This input we created becomes useless, however, because we completely forget to check if the user is inputting a movie name that is longer than 16 bytes (or 16 characters). One user inputs an obnoxiously long title such as "The Emperor's New Groove," and our whole program breaks! This happens because the user input exceeds the 16 bytes of memory we allocated for it and overflows into memory meant to contain other variables or data. Gross.

As a hacker, however, these sorts of vulnerabilities can be super useful. If we can keep track of what data we're overwriting, and what new data we are replacing it with, we could gain a lot of control. Enter the instruction pointer.

What Is the Instruction Pointer?

The instruction pointer, also known as EIP, contains the memory address of the next instruction to execute. If we were able to overwrite EIP with our own memory address, we could redirect code execution of the entire program. That sounds like fun. Of course, we can't review everything we've learned so far here, so check out the article linked below to re-learn the fundamental ideas that you'll need to finish this tutorial.

What's the Catch?

Of course, most programmers don't just say "oh well" and let us ruin their programs. Different strategies for protecting against stack overflow vulnerabilities have been devised. One particular strategy is to make sure the program knows not to execute any instructions that are located somewhere on the stack. This is a problem for us.

Thankfully, our dear friend Protostar, the virtual machine, has an exploit development challenge that will help us learn how to get around this. Let's take a look at the stack6 level on Protostar and see what we can learn!

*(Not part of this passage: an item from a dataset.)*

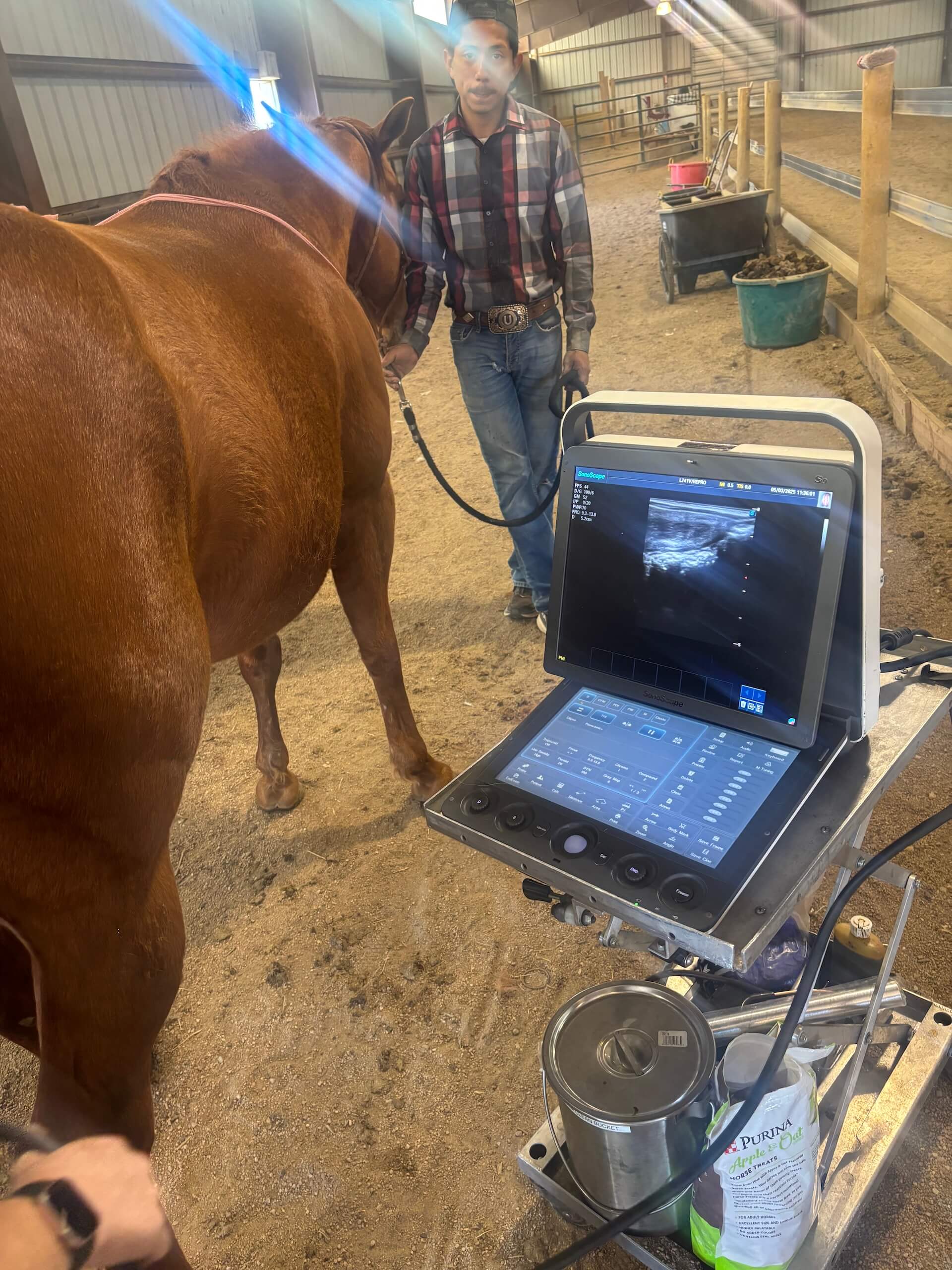 Equine Breeding Services Western States 2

Step 1: Taking a Look at the Source Code

As always, the first thing we should do is take a look at the source code on Exploit Exercises to see what we're up against:

Let's break this code down line by line:

  • In lines 8 and 9, we see two variables defined. The first one is an array of characters named "buffer" which is given a size of 64 bytes. This means it can hold at most 64 characters. This is good to know. Next, we see an integer named "ret" defined. We haven't seen a variable like this in previous exercises before, so it'll be interesting to see what this is used for.
  • In line 11, the program prompts the user for input, and on line 13 this input is passed to the buffer variable. Notice how the program doesn't check to see if the user input will fit inside the 64 bytes given to buffer. That's pretty dumb but really good for us so we won't tell the programmer. Shh.
  • Now, in line 15, the variable ret pops up again. This is actually an assignment statement. The __builtin_return_address(0) refers to EIP. It turns out this line is storing the value of EIP into the ret variable. Why on earth would the programmer be doing that? ...
  • Well, in line 17, we find out, and as attackers, the answer isn't good. Line 17 holds what seems to be a cryptic "if" statement. This if statement is using what is called a bitwise operator to check if the address written to the instruction pointer starts with the byte "0xbf." If the address does start with this byte, the program stops the execution.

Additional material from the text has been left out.